REQUIRED ACTION: Can you quote, word for word, every line from the first line of the records below through the line containing "A bouquet of beautiful", and nothing else?

BEGIN SUPPLIED RECORDS

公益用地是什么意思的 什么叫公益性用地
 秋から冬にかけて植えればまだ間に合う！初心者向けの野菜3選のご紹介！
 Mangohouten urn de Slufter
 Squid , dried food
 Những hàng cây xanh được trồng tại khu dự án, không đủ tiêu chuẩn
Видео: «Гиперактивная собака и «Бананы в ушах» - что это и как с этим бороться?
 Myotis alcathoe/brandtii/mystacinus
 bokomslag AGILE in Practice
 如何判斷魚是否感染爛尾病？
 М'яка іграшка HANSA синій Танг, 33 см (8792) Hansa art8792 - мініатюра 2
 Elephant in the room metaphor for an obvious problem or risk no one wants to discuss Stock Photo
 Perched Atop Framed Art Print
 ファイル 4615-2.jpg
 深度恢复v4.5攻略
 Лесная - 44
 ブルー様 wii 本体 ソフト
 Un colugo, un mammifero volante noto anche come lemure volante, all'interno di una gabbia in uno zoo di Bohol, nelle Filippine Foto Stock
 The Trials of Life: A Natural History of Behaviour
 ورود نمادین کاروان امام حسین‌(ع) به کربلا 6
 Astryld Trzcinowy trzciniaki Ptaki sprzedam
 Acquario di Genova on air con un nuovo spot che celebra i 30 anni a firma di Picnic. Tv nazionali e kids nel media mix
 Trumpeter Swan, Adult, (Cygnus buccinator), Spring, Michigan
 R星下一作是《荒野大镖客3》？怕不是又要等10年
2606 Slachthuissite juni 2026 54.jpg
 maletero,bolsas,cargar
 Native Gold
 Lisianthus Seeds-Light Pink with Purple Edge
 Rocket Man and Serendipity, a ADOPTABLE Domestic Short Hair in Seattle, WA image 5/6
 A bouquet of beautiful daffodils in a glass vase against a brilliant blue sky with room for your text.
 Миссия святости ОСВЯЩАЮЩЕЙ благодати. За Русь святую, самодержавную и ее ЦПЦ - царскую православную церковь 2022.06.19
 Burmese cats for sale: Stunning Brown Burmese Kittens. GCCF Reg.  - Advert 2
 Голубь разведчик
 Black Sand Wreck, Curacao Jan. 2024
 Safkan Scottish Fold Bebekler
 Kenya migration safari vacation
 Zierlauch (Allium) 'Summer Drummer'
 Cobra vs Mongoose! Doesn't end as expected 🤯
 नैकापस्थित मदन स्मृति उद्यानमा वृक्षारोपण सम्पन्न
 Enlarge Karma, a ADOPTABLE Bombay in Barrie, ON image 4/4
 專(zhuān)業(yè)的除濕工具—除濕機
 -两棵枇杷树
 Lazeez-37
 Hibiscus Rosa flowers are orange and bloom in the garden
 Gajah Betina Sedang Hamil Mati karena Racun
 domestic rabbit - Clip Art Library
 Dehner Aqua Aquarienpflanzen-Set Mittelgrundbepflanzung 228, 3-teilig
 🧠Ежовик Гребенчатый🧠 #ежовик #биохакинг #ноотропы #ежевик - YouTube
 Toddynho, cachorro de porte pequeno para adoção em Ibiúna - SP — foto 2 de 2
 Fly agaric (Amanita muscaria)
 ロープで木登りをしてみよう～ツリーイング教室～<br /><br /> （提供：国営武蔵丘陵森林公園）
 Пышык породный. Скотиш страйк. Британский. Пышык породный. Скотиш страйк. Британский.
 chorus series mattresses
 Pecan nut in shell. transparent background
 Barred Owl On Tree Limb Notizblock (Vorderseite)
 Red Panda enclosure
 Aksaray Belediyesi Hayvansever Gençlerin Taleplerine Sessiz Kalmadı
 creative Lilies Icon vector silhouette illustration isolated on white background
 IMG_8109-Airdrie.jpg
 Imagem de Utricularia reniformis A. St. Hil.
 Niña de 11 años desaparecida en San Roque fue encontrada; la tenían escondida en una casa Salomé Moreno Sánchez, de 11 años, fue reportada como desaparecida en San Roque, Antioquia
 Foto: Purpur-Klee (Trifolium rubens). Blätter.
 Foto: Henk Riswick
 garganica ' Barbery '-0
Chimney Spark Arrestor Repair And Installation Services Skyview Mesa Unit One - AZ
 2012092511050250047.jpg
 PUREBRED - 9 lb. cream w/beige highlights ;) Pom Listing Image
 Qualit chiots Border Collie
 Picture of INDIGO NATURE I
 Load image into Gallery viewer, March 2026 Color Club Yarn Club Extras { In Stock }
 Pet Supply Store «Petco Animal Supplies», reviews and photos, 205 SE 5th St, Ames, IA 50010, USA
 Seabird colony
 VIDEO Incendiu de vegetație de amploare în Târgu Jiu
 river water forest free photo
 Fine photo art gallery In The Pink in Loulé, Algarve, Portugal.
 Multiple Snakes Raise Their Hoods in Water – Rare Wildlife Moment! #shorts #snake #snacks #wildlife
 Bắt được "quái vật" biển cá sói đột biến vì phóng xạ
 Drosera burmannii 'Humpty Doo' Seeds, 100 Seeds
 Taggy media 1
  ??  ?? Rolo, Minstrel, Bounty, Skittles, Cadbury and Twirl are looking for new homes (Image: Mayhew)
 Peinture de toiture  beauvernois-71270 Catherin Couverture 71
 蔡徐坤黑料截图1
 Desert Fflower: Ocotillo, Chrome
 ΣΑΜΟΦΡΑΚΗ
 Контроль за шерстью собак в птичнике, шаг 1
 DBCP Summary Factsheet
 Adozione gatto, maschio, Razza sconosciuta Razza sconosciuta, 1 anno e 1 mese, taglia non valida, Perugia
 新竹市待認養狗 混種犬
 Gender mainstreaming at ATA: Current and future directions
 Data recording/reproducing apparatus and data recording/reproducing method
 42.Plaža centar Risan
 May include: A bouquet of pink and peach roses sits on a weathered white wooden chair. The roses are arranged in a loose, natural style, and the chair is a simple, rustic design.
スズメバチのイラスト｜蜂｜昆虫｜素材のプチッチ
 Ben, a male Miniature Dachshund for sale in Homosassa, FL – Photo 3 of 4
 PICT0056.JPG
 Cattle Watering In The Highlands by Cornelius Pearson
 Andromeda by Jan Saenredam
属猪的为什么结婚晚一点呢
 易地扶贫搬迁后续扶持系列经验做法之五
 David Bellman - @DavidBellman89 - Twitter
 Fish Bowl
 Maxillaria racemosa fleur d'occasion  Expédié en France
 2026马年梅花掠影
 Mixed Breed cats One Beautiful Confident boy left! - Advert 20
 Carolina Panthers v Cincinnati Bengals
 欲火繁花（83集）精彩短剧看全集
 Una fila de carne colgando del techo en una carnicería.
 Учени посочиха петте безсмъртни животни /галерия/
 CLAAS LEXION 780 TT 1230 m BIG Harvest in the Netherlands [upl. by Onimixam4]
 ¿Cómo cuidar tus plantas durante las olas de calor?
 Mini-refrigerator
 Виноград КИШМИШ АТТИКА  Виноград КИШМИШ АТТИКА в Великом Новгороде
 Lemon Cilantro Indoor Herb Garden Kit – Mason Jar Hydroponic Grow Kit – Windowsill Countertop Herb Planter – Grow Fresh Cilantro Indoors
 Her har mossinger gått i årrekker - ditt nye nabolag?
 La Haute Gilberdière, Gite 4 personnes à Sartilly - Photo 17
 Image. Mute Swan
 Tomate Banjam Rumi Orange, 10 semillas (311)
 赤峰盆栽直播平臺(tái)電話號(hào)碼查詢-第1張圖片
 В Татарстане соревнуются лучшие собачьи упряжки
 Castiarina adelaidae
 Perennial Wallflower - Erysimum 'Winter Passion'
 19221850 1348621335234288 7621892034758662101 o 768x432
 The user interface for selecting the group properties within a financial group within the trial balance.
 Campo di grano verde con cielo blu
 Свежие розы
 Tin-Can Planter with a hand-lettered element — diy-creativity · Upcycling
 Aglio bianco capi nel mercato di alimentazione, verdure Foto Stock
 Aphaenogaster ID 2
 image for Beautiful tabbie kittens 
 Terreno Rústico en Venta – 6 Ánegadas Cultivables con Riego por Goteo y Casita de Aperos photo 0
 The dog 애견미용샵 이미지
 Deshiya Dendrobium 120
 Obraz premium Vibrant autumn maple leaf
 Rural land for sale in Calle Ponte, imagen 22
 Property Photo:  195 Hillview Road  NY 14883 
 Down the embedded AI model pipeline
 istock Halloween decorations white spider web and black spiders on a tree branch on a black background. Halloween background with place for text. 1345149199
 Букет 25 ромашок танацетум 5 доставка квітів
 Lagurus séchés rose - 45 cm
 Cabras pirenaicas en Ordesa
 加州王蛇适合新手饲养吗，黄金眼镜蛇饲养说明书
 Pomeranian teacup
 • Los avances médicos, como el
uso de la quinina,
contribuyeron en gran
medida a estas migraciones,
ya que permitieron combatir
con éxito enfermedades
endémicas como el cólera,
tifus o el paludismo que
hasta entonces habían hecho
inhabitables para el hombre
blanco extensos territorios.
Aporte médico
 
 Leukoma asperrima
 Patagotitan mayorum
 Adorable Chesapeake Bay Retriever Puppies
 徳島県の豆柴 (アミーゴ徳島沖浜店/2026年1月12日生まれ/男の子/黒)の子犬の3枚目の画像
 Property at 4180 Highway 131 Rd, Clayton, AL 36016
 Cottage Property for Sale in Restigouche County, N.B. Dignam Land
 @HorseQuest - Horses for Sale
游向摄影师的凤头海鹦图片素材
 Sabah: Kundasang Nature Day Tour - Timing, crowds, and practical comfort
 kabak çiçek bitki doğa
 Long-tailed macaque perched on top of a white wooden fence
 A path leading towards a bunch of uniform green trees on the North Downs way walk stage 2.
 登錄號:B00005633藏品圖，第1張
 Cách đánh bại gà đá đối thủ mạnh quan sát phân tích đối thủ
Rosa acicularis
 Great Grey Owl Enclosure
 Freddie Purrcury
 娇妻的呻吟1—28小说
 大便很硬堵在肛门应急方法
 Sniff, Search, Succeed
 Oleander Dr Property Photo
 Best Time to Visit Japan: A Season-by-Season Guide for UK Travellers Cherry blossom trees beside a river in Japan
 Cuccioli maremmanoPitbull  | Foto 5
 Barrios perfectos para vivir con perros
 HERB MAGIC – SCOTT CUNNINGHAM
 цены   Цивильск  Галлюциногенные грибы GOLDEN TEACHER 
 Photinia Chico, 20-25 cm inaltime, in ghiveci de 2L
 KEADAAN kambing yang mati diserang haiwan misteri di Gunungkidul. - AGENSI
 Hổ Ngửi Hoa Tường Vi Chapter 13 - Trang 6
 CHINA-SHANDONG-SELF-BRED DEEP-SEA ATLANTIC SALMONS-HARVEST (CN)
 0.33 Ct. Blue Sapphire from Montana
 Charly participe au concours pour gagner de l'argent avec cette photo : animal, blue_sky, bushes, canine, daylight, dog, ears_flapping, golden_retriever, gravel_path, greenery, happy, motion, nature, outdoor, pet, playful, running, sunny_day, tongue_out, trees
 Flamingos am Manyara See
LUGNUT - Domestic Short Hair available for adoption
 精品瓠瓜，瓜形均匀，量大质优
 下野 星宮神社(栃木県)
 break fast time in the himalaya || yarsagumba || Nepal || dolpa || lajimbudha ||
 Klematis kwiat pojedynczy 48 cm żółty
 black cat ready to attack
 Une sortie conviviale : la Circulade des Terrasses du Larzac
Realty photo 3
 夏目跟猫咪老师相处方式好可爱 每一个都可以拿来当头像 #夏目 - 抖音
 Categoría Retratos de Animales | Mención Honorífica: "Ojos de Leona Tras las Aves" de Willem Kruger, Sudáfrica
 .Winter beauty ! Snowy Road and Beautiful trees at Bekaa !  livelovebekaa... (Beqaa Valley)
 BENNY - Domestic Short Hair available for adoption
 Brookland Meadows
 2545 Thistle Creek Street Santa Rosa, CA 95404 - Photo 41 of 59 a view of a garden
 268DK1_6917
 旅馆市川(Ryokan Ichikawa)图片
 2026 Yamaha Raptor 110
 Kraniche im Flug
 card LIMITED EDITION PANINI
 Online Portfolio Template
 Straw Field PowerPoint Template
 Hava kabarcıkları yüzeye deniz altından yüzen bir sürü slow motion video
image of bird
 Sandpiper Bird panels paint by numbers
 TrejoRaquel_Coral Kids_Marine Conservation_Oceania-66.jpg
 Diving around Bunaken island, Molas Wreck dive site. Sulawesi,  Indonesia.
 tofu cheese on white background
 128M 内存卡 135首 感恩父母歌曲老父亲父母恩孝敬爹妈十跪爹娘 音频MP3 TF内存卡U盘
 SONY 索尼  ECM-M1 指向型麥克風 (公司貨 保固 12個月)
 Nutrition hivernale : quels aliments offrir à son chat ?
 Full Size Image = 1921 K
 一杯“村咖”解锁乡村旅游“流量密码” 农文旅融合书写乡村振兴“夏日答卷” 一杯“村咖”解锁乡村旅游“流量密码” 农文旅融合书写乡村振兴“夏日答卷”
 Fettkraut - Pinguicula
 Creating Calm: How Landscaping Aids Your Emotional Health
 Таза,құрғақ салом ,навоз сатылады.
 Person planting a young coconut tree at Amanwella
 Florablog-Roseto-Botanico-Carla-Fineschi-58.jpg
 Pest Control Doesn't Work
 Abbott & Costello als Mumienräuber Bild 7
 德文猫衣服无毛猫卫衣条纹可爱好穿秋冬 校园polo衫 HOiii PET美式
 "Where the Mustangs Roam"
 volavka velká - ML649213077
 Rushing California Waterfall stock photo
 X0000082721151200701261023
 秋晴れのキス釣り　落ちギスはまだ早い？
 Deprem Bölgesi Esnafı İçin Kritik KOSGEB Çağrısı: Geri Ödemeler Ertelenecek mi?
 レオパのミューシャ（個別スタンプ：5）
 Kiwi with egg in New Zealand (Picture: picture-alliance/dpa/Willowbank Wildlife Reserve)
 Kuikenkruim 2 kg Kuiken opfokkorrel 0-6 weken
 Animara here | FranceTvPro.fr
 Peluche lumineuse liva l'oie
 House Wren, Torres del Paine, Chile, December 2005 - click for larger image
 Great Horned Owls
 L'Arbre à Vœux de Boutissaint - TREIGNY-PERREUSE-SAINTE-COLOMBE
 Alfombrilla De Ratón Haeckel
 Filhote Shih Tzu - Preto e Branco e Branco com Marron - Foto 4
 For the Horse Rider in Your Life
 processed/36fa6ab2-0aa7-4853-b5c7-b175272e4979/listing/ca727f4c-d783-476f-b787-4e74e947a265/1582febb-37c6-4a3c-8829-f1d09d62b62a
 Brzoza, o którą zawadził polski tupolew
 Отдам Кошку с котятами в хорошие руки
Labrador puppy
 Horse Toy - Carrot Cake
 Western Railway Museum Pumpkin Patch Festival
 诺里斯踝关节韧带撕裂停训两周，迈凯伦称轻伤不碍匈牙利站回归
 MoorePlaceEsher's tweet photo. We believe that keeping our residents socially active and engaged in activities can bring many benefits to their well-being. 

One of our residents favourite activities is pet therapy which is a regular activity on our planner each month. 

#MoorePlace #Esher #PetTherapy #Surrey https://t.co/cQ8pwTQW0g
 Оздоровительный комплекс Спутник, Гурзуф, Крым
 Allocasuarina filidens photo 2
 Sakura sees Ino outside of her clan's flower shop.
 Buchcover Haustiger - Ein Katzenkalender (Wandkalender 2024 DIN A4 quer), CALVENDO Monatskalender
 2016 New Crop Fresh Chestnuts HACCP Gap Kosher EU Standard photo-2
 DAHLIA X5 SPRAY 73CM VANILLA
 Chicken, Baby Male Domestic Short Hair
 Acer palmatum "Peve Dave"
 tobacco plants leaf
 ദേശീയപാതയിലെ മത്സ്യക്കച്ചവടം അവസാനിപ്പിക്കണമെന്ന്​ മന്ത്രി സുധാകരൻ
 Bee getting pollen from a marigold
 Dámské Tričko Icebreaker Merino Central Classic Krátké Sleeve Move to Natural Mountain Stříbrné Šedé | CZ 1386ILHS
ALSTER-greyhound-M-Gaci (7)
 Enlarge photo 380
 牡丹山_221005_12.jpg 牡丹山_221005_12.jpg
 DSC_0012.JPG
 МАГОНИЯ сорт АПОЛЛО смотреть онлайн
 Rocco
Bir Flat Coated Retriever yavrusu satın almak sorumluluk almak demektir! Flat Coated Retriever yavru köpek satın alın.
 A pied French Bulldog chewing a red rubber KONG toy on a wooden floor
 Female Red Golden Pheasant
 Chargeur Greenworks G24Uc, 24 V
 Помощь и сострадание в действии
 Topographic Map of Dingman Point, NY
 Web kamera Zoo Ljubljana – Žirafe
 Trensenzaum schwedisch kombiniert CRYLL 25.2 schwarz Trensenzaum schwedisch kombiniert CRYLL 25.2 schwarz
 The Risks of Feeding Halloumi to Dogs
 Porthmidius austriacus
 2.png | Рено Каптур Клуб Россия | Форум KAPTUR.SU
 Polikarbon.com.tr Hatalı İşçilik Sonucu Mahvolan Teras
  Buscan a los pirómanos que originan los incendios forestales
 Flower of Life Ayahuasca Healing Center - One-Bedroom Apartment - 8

END SUPPLIED RECORDS

TASK OUTPUT:
公益用地是什么意思的 什么叫公益性用地
 秋から冬にかけて植えればまだ間に合う！初心者向けの野菜3選のご紹介！
 Mangohouten urn de Slufter
 Squid , dried food
 Những hàng cây xanh được trồng tại khu dự án, không đủ tiêu chuẩn
Видео: «Гиперактивная собака и «Бананы в ушах» - что это и как с этим бороться?
 Myotis alcathoe/brandtii/mystacinus
 bokomslag AGILE in Practice
 如何判斷魚是否感染爛尾病？
 М'яка іграшка HANSA синій Танг, 33 см (8792) Hansa art8792 - мініатюра 2
 Elephant in the room metaphor for an obvious problem or risk no one wants to discuss Stock Photo
 Perched Atop Framed Art Print
 ファイル 4615-2.jpg
 深度恢复v4.5攻略
 Лесная - 44
 ブルー様 wii 本体 ソフト
 Un colugo, un mammifero volante noto anche come lemure volante, all'interno di una gabbia in uno zoo di Bohol, nelle Filippine Foto Stock
 The Trials of Life: A Natural History of Behaviour
 ورود نمادین کاروان امام حسین‌(ع) به کربلا 6
 Astryld Trzcinowy trzciniaki Ptaki sprzedam
 Acquario di Genova on air con un nuovo spot che celebra i 30 anni a firma di Picnic. Tv nazionali e kids nel media mix
 Trumpeter Swan, Adult, (Cygnus buccinator), Spring, Michigan
 R星下一作是《荒野大镖客3》？怕不是又要等10年
2606 Slachthuissite juni 2026 54.jpg
 maletero,bolsas,cargar
 Native Gold
 Lisianthus Seeds-Light Pink with Purple Edge
 Rocket Man and Serendipity, a ADOPTABLE Domestic Short Hair in Seattle, WA image 5/6
 A bouquet of beautiful daffodils in a glass vase against a brilliant blue sky with room for your text.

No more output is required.